Executive Director, Ohio Advocates for Mental Health.
I have been asked to write about who I am. I also wonder what I am, sometimes where I am, and always why I am. To paraphrase one of the great philosophers of our time, Popeye, "I am what I am." Many years ago, I was diagnosed manic depressive psychotic and ever since then I have tried to live up to it. I was a rebel without a cause before spending three years in psychiatric institutions. During those three years I found a cause.

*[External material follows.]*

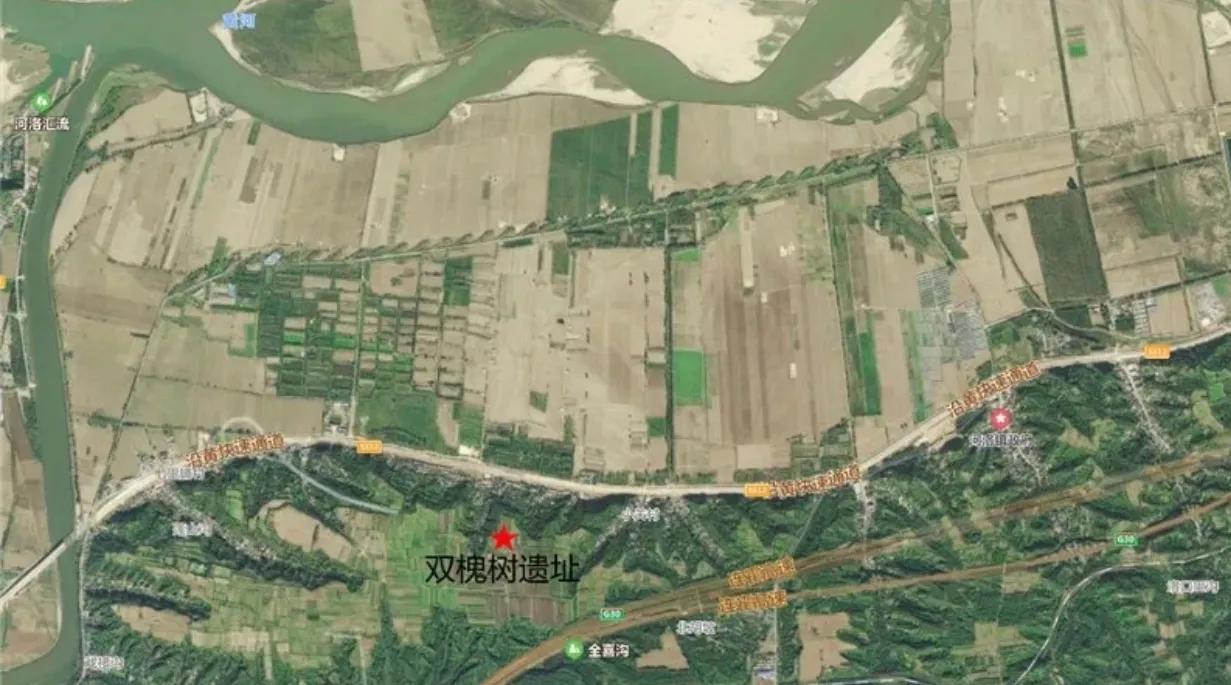 想去郑州玩推荐几个地方和路线,想在周边走走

- Howard Geld (Howie the Harp)
The subject of mental illness and criminal justice is seemingly very complex. Solutions would appear to be costly at best and unaffordable at worst. Our expectations of the public mental health system would appear so great that those providers in mental health and criminal justice, no matter how concerned and caring, may be unable to meet the growing need.
As a person with a mental illness and as an advocate for others with a psychiatric diagnosis, however, my perspective may be somewhat different. I've been accused of seeing simple solutions to complex problems. Consider, however, that the public mental health system is a $1.5 billion industry in Ohio. Criminal justice is even larger, and there are many who are quite interested in protecting a system that provides their employment and security. Many may jump to say that my approach is too simplistic. Maybe they will be right. I would argue, however, that what we are doing doesn't seem to be working and that maybe a fresh look at an old problem is in order.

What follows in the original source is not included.